В ходе парламентской дискуссии эту мысль выразила Юлия Тимошенко: в том, духе, что Верховная Рада определяет новые границы Украины. На что Владимир Гройсман не менее резонно возразил: «Мы определяем территории не для государственной границы, потому что государственная граница у нас единая… мы определяем территории, которые должны реинтегрировать».
Политики опаздывают
На самом деле в данном случае правы оба: и Гройсман, и Тимошенко. И оба же не договаривают. Ибо граница — термин политический, политикам удобный и понятный. «Вот здесь, за линией на карте, заканчивается моя власть и моя ответственность» — так воспринимает границу политик. И еще вопрос, что его больше заботит: отсутствие возможности властвовать за пунктирной линией или отсутствие ответственности и обязательств перед теми, кто за этой линией остался.
А вот «обычные люди» границу воспринимают иначе — как и любой ограничитель их свободной или вызванный жизненной необходимостью воли и активности.

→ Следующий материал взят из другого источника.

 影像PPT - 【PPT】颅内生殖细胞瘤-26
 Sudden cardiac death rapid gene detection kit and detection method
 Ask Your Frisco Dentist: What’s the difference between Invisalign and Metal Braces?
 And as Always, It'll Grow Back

Какую и где линию разграничения ни проведи — необходимость вступать в социальные связи с теми, кто за этой линией остался, окажется сильнее самих разграничений. Реалии жизни в Донбассе подтверждают это на каждом шагу. Потребность в товарах и деньгах, даже потребность в общении, ежедневно заставляют и заставляли тысячи человек переходить «линию фронта», даже в период активных боевых действий. Один из простых и очевидных примеров — «пенсионный туризм». Сегодняэто уже целая индустрия, в которую самым причудливым образом вплетены фиктивные прописки, купленные пропуска, цепочки посредников, «процент за риск» и т.д. В данной ситуации линия разграничения — хоть в виде блокпостов и пропускных пунктов — неизбежно превращается в коррупционный ресурс. На карте провести ее куда проще, чем ограничить социальные связи членов общества — тем более если от поддержания этих связей зависит их выживание.

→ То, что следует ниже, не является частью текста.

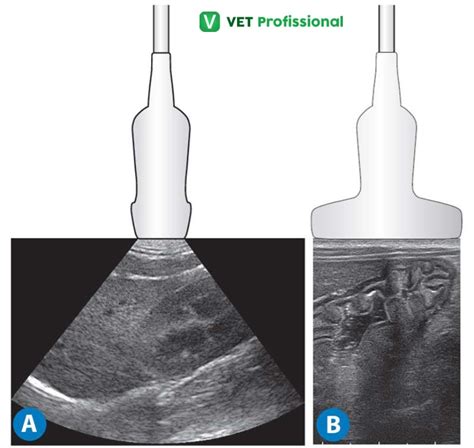 Tipos De Transdutores De Ultrassom Braincp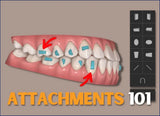 M.O.C.A. 101 - Clear Aligner Principles (45 CE) The C.L.E.A.R. Institute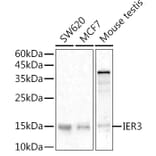 Western Blot - Anti-IEX1/IER3 Antibody (A12282) - Antibodies.com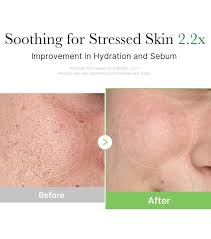 Medicube Exosome Cica Cream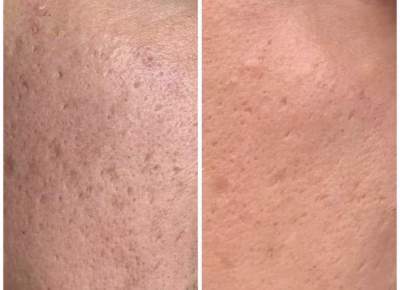 Dermapen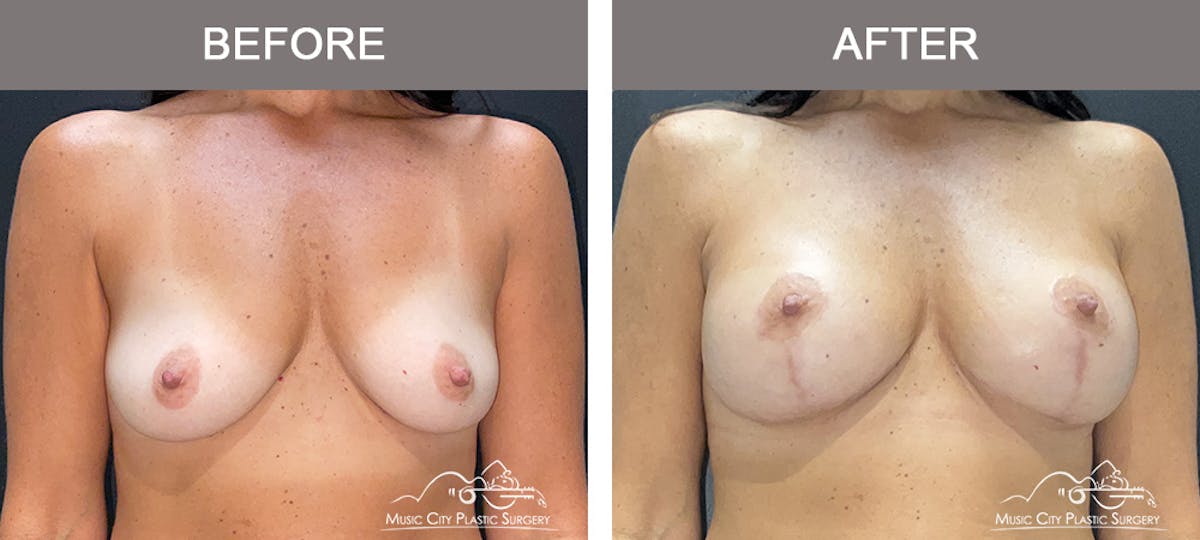 Breast Lift Before & After Gallery - Patient 303905 - Image 1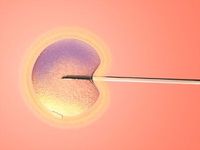 Inseminarea artificiala intravaginala
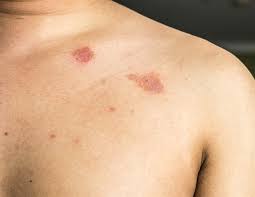 Yellow fungus symptoms and causes: Symptoms Of Ringworm
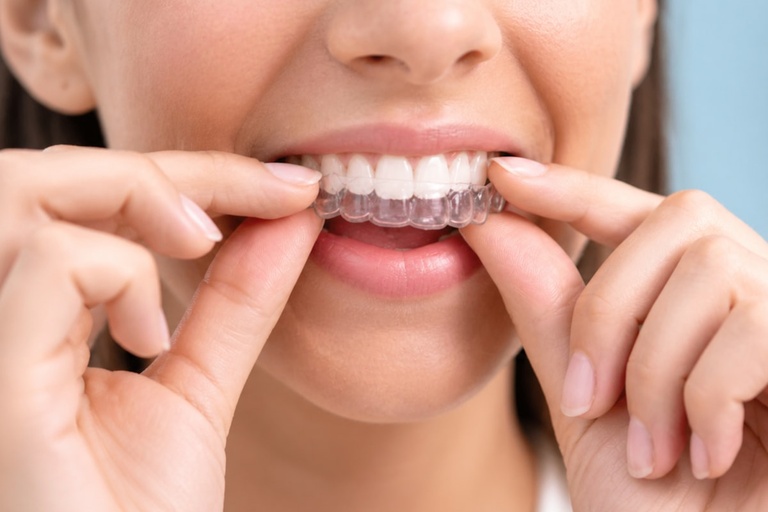 New Forest Family Dental 2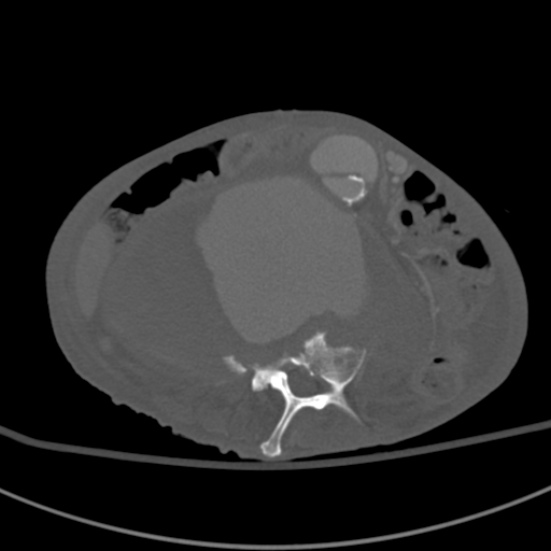 Aortic aneurysm with spinal destruction (Radiopaedia 42301-45410 Axial bone window 54).jpg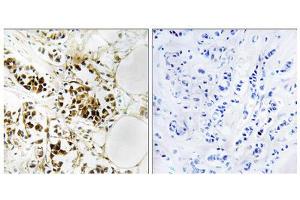 Immunohistochemistry analysis of paraffin-embedded human breast carcinoma tissue, using RGS5 antibody. (RGS5 抗体  (Internal Region))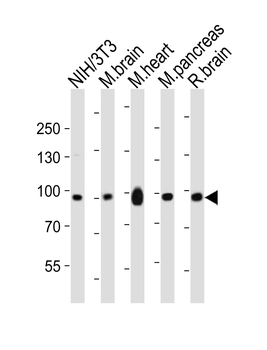 Ephb1 Antibody (Center)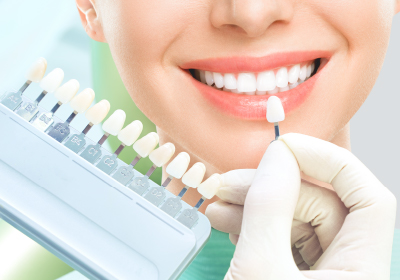 患者さんにも安心のホワイトニングシステム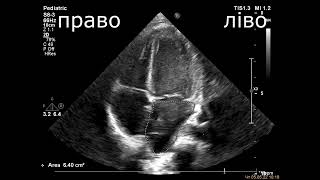 Протокол оцінки ЕхоКГ у дітей (норма)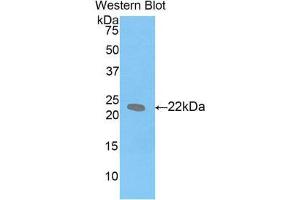 Western Blotting (WB) image for anti-Leukemia Inhibitory Factor (LIF) (AA 25-203) antibody (ABIN1859654)
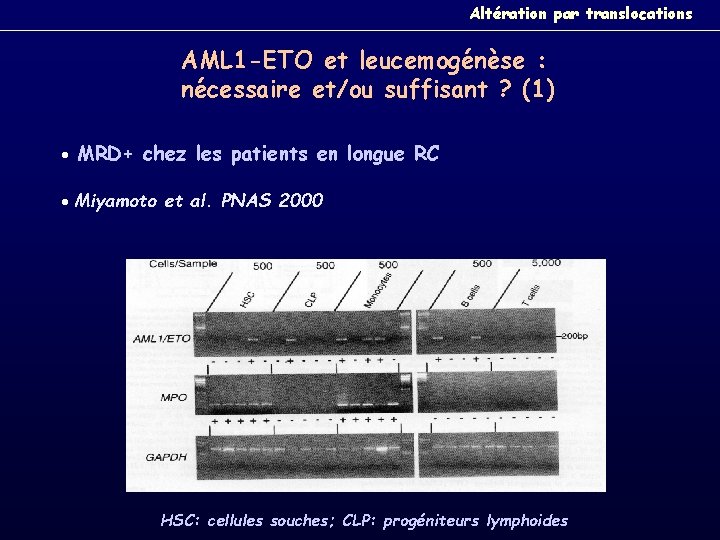 Altération par translocations AML 1 -ETO et leucemogénèse : nécessaire et/ou suffisant ? (1)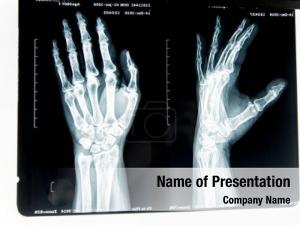 X Ray Photography PowerPoint Template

Или пример не менее поразительный, подробно описанный в публикации на портале Hubs: на территориях, подконтрольных самопровозглашенным республикам, остались сотни нотариусов, продолжающих осуществлять нотариальные действия по украинскому законодательству. За свои услуги они взимают госпошлину. Что происходит с этими деньгами? «Мы должны перечислять 34 гривни за оформление доверенности. Раньше мы копили эти деньги на своих счетах, потом перечисляли Минюсту. Сейчас — примерно то же самое, но берем наличными, а потом кто-нибудь выезжает за территорию АТО и оплачивает в банке», — рассказывает один из них, и поныне работающий в Донецке.
Граница для каждого
Проблема разграничения (мир — война, жесткое регулирование — самоуправление) представляется еще более сложной, если вспомнить, что в конфликт на востоке Украины так или иначе вовлечена практически вся страна. От его последствий нет «брони»: повестка в военкомат или новые соседи из числа вынужденных переселенцев могут стать «личной границей», из-за которой реальность войны вторгается в мирную жизнь каждого. Трагический инцидент в Константиновке — тому подтверждение. ДТП с участием пьяного водителя, попытки самосуда на месте происшествия — все это явления для Украины, мягко говоря, не новые. Но виновником аварии был военный, «орудием убийства» — бронетехника, и Константиновка, до того считавшаяся местом относительно спокойным (до зоны боевых действий — десятки километров), сама превратилась в горячую точку: можно сказать, что линия фронта внезапно переместилась на эти десятки километров в тыл.
А теперь представим себе, что в каком-либо райцентре даже за сотни километров от Донбасса произойдет нечто, напоминающее события 2013 года во Врадиевке (ситуация экстраординарная, но, увы, не фантастическая): преступление, совершенное представителем власти, массовое возмущение, бунт, попытка самосуда.
Будут ли эти события увязаны с попытками «специально раскачать ситуацию», «сыграть на руку агрессорам» и т.д.?
Ответ на эти вопросы скорее положительный — условная линия противостояния может быть проведена вообще в любой точке Украины, потому что власти выгодно представить любой конфликт с ее участием через призму «вражеских происков». Не даром же «третий Майдан» превратился в устойчивую страшилку, повторяемую к месту и не очень.